Statistically, Female Journalists are Less Biased than their Male Peers

Dhruv Mangtani
3 min readSep 1, 2020
CNN and Fox News Journalists, and their BLUFFNet Aggregate Article Bias. Full spreadsheet here.

Introduction

We often talk about how the news is biased, but we haven’t really dissected the term “news.” One level down, we get to news organizations: CNN, Fox, NYT, WaPo, etc. Then we get to topics: what is this article about? Digging even further, we analyze the journalists themselves. At least in the context of news bias, no one has stratified news articles by the traits of the human behind them, e.g. gender.

Last summer, I developed BLUFFNet, a deep learning model which identifies biased news sentences, and in turn, biased news articles. What’s interesting is that the algorithm proved to have two applications: real world programs (the BLUFFNet Chrome Extension) and statistical analyses (these articles). After deploying BLUFFNet to analyze nearly 500,000 news articles, I was able to study news bias in depth.

If you’re interested in the statistical methodology (in summary, a t-test), scroll down.
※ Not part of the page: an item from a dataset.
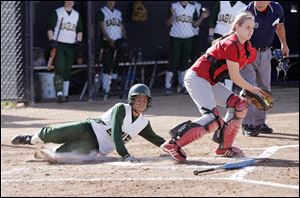 Clay junior Eryn Simon, hitting .429 (4 HR, 34 RBIs) scores as Central Catholic catcher Rachael Ryan awaits the throw in the City League final.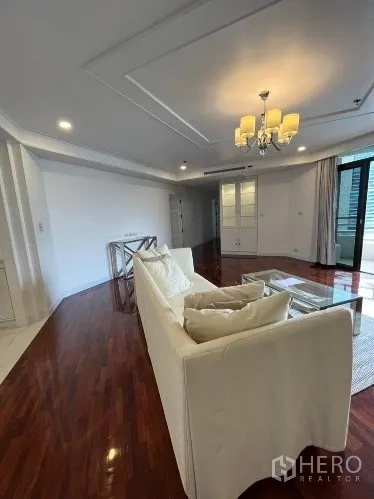 Condominium for rent in Khlong Toei, Bangkok - Bright living room with white sofa, chandelier ceiling and polished wood floors opening to a balcony in a high-rise condo.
Otherwise, let’s talk about why this might be true.

Why?

It’s important to note that the articles scraped for this study were on Google News and the CNN and Fox News RSS feeds, meaning they had to be somewhat popular in the first place. What this might indicate is that highly biased articles written by women are less popular than objective ones. If this were true, that would mean my study omits a large pool of biased news articles written by women. However, most people don’t bother to look at the name of the author who wrote the article they’re reading, so the author’s gender most likely wouldn’t influence the popularity of their article.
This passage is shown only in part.